■ **WHAT YOU NEED TO DO**
What is needed is an exact copy of the lines in the entries below from the one holding "Irresistible IRBRD26014A Irresistible" through the one holding "TOTO|キッチン壁付シングル混合水栓（エコシングル、ハンドシャワー、共用）", pictures excluded.

■ **SUPPLIED MATERIAL**
__________

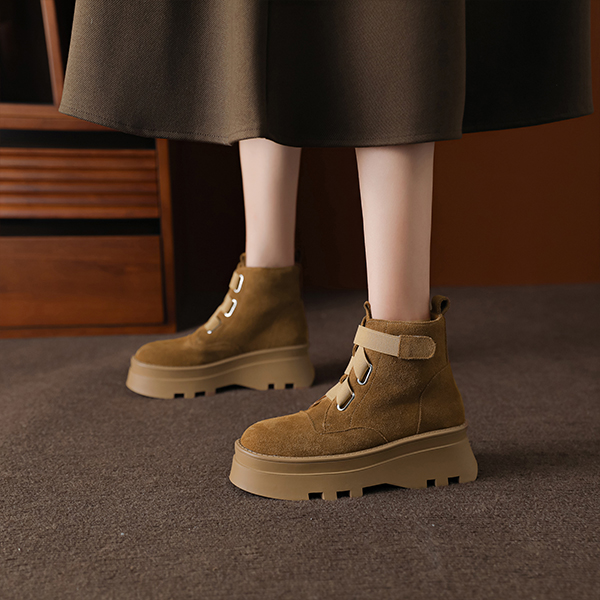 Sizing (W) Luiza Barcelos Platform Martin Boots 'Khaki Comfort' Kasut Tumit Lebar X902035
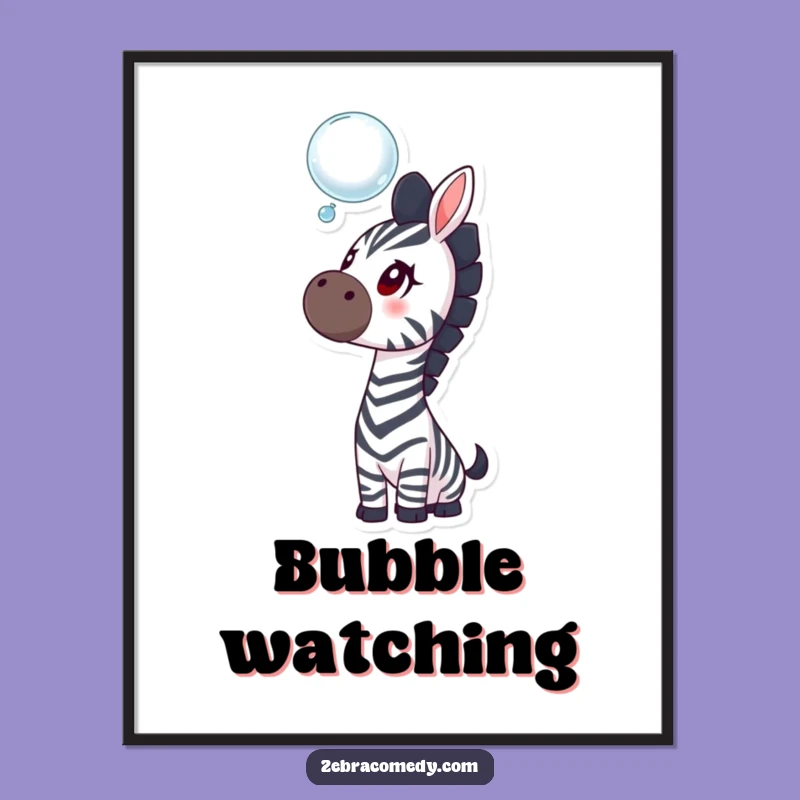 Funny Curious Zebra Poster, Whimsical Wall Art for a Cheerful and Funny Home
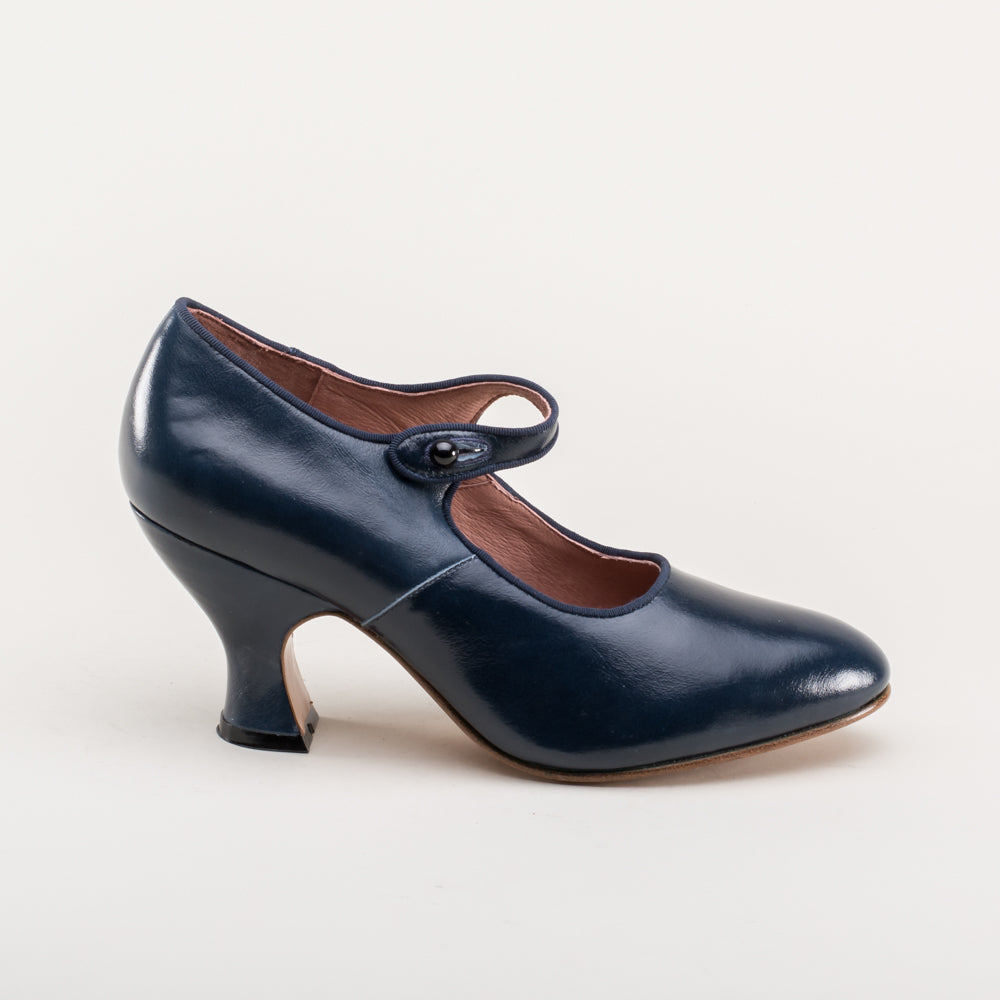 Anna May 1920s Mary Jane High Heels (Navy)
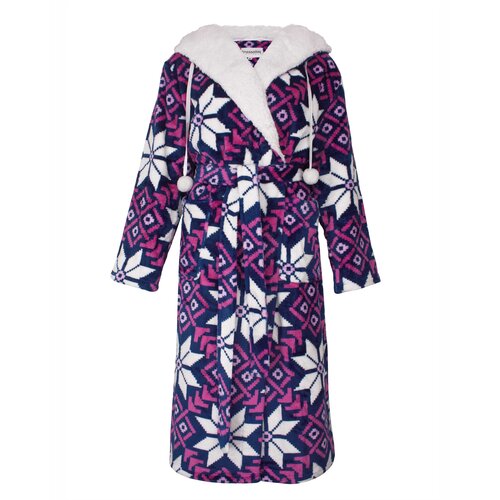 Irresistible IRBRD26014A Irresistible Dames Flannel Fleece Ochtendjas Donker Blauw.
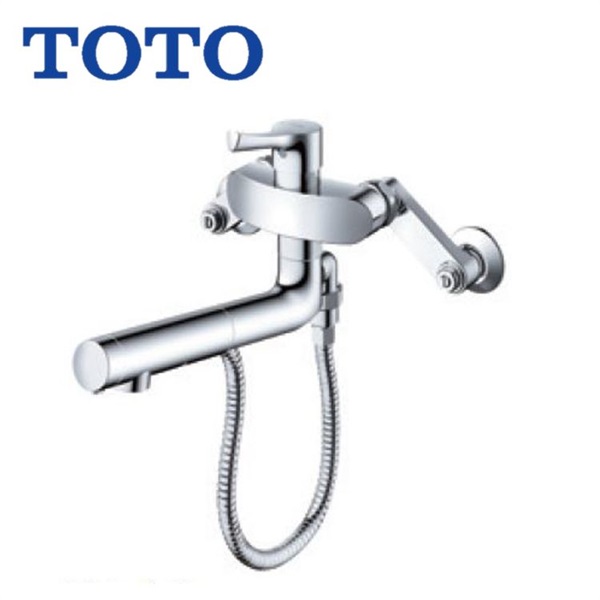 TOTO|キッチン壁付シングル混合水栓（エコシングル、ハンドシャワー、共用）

__________

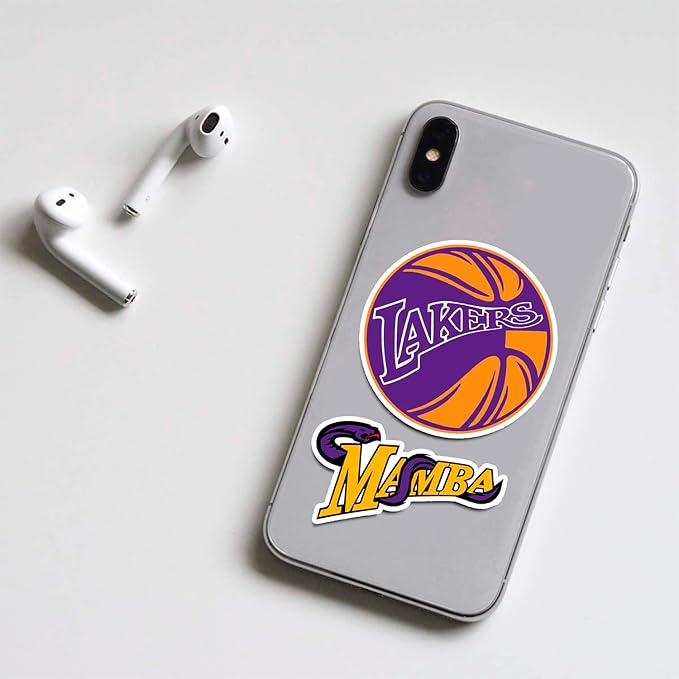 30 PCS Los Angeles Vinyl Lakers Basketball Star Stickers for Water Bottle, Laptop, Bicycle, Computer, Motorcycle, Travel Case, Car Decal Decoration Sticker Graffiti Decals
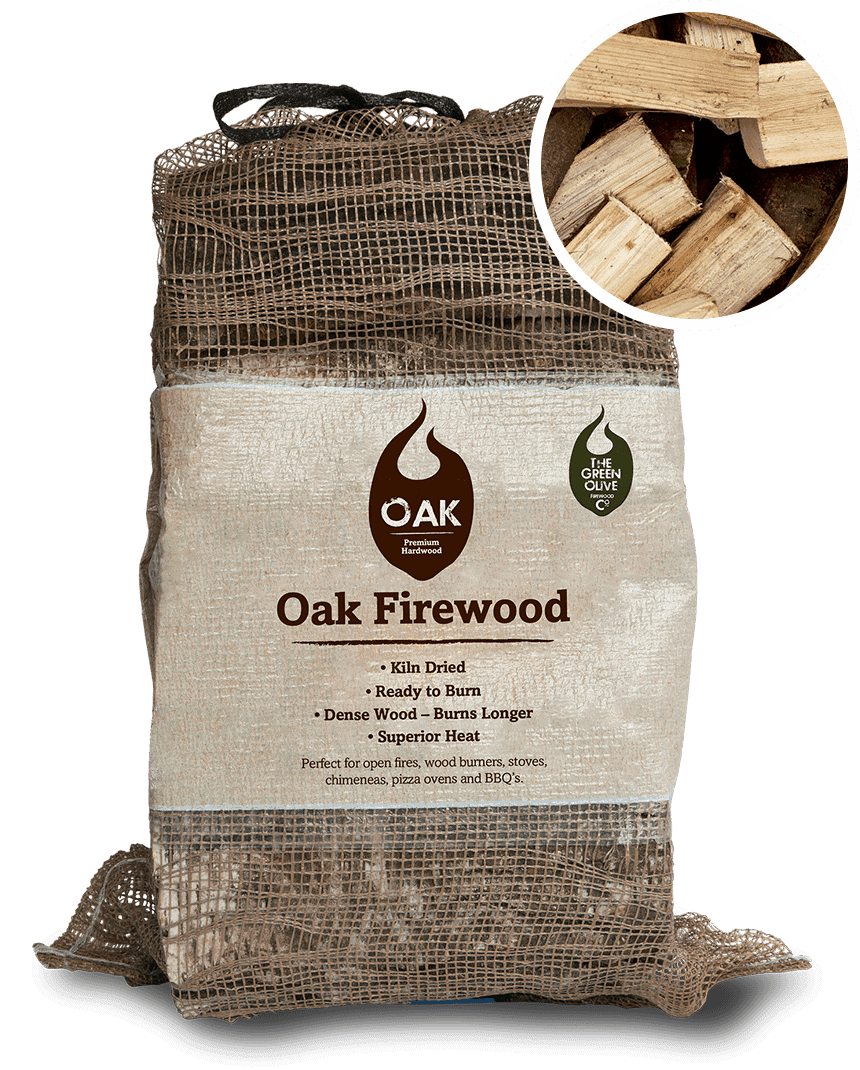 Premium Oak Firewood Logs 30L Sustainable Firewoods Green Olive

__________

■ **TASK ANSWER**
 Irresistible IRBRD26014A Irresistible Dames Flannel Fleece Ochtendjas Donker Blauw.
 TOTO|キッチン壁付シングル混合水栓（エコシングル、ハンドシャワー、共用）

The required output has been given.